As “séries”, como eram chamadas, tinham geralmente o nome do personagem principal e, quando faziam sucesso, rendiam por volta de um volume (ou álbum) por ano. A partir da década de 1920 (mas com popularidade crescente nos anos 1940 e 1950), a série de maior sucesso foi sem dúvida a do jovem repórter Tintin, de autoria do belga de língua francesa, Hergé (pseudônimo de Georges Rémi).
Hergé é considerado hoje um dos titãs dos quadrinhos, talvez o mais admirado dos criadores europeus do século XX desse meio.
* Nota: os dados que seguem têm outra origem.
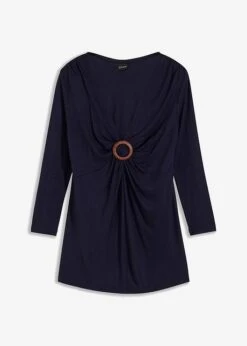 Top En Viscose Durable Avec Anneau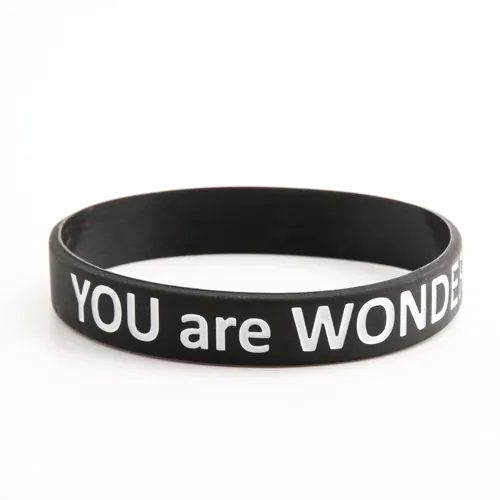 You are wonderful wristbands You are wonderful wristbands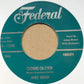 Single - James Brown - Chonnie Oh Chon / I Feel That Old Age Coming On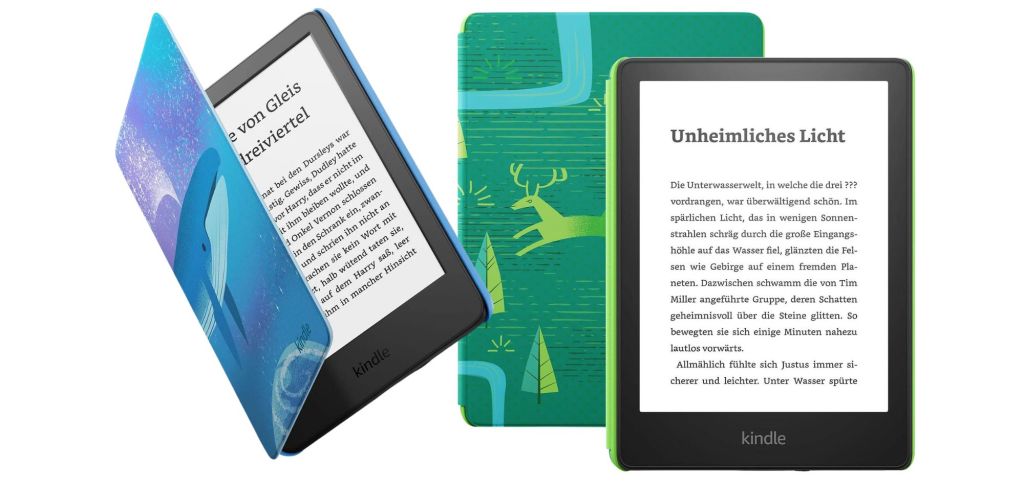 Kindle E-Reader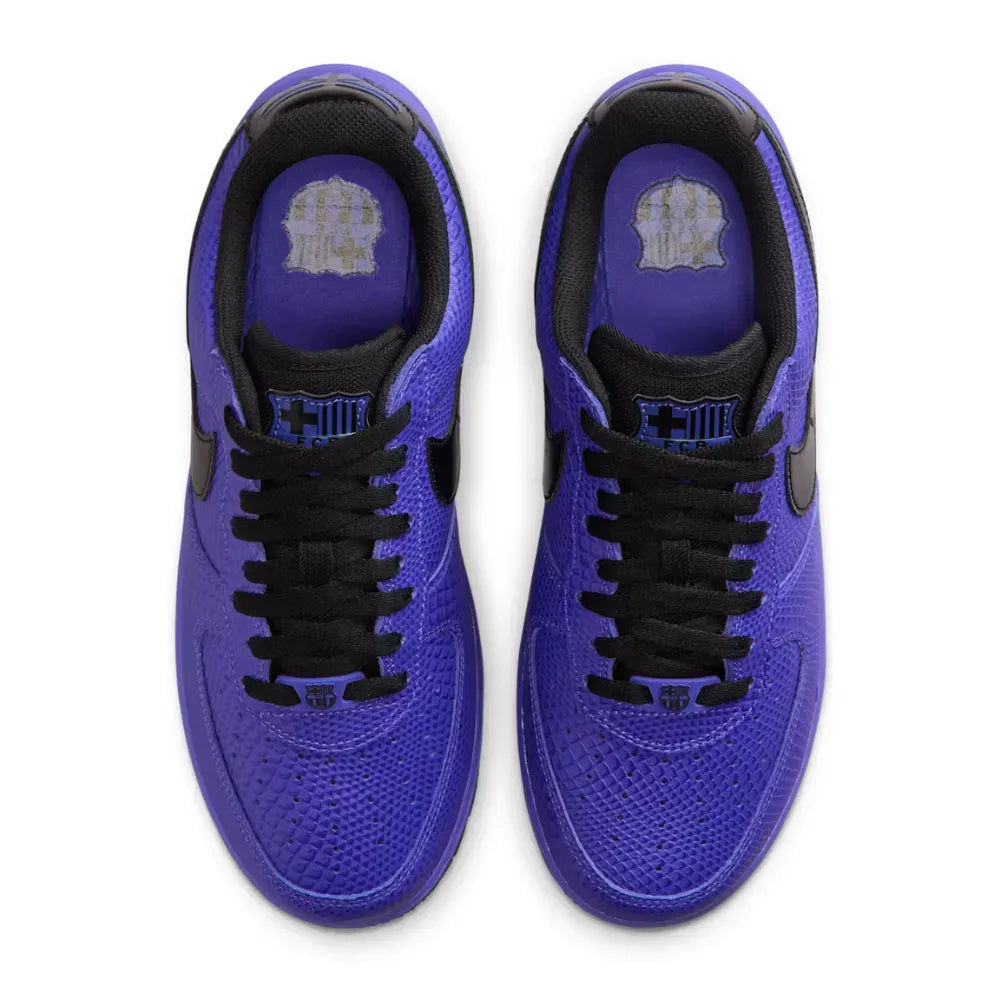 Tênis Nike Air Force 1 Low Protro Kobe Bryant x FC Barcelona Persian Violet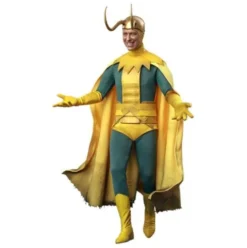 Loki Figura 1/6 Classic Loki 31 cm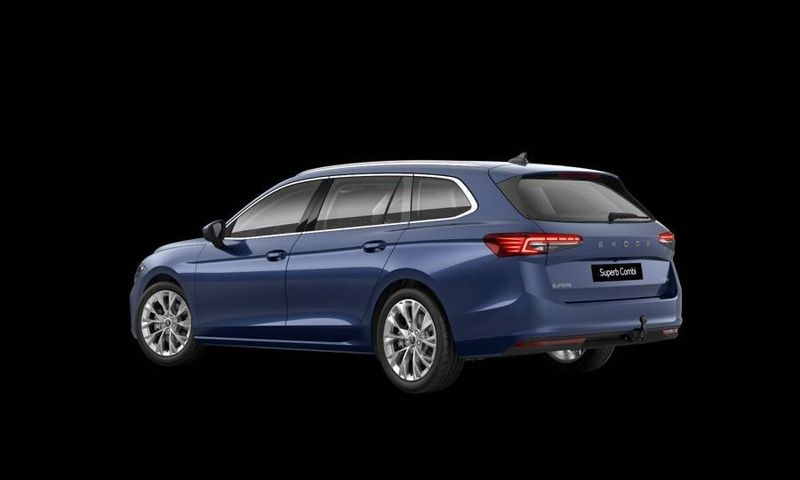 Skoda Superb bild 3
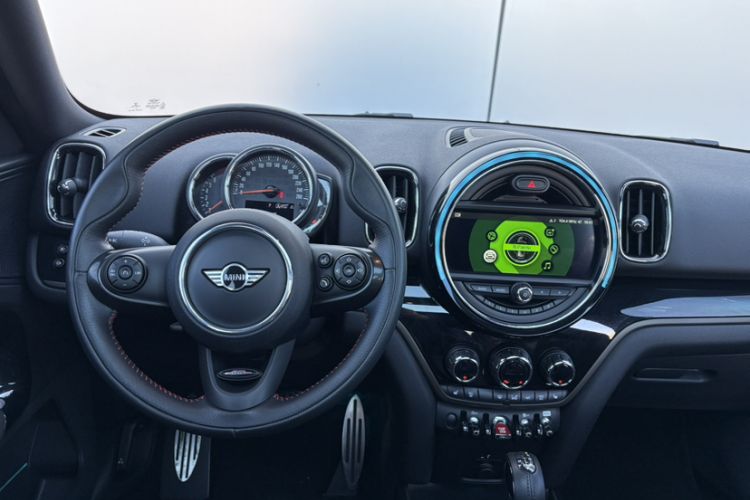 Used MINI Countryman 2018 1.5T COOPER ALL4 Racing Driver Steering Wheel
Era ao mesmo tempo roteirista e desenhista e antes do sucesso universal do gaulês Astérix, iniciado no final dos anos 1960, Tintin reinou absoluto como o mais famoso herói dos quadrinhos de expressão francesa.
Astérix tinha roteiro de René Goscinny e desenho de Albert Uderzo, o que o tornava um produto diferente de Tintin, com um único autor. Ambas as séries convivem hoje no panteão máximo da chamada , expressão francesa para designar os quadrinhos, considerados por lá como a “nona arte”.
A medida que se desenvolviam as histórias de Tintin, Hergé agregou-lhe um companheiro inseparável, o cãozinho Milu, e as aventuras passaram a se chamar “Tintin e Milu”.
O desenho assinado reproduzido nesta página é um raro original que mostra a dupla de personagens de Hergé, desenhados por ele numa folha do álbum de uma criança. Só muito ocasionalmente Hergé, constantemente solicitado por caçadores de autógrafos, agregava esse tipo desenho junto à sua assinatura, o que singulariza essa peça e a torna especialmente atraente.
As páginas originais das histórias de Hergé são hoje objeto de desejo de alguns colecionadores franceses, suíços e belgas que leram Tintin na infância e têm hoje idades avançadas e fortunas consideráveis. A disputa ferrenha entre essa meia dúzia de apaixonados (que preferem ter em casa uma obra de arte que remete ao imaginário infantil em vez de um quadro contemporâneo famoso que nada lhes diz) levou as raras páginas das aventuras de Tintin que chegaram ultimamente aos leilões a preços superiores a um milhão de dólares.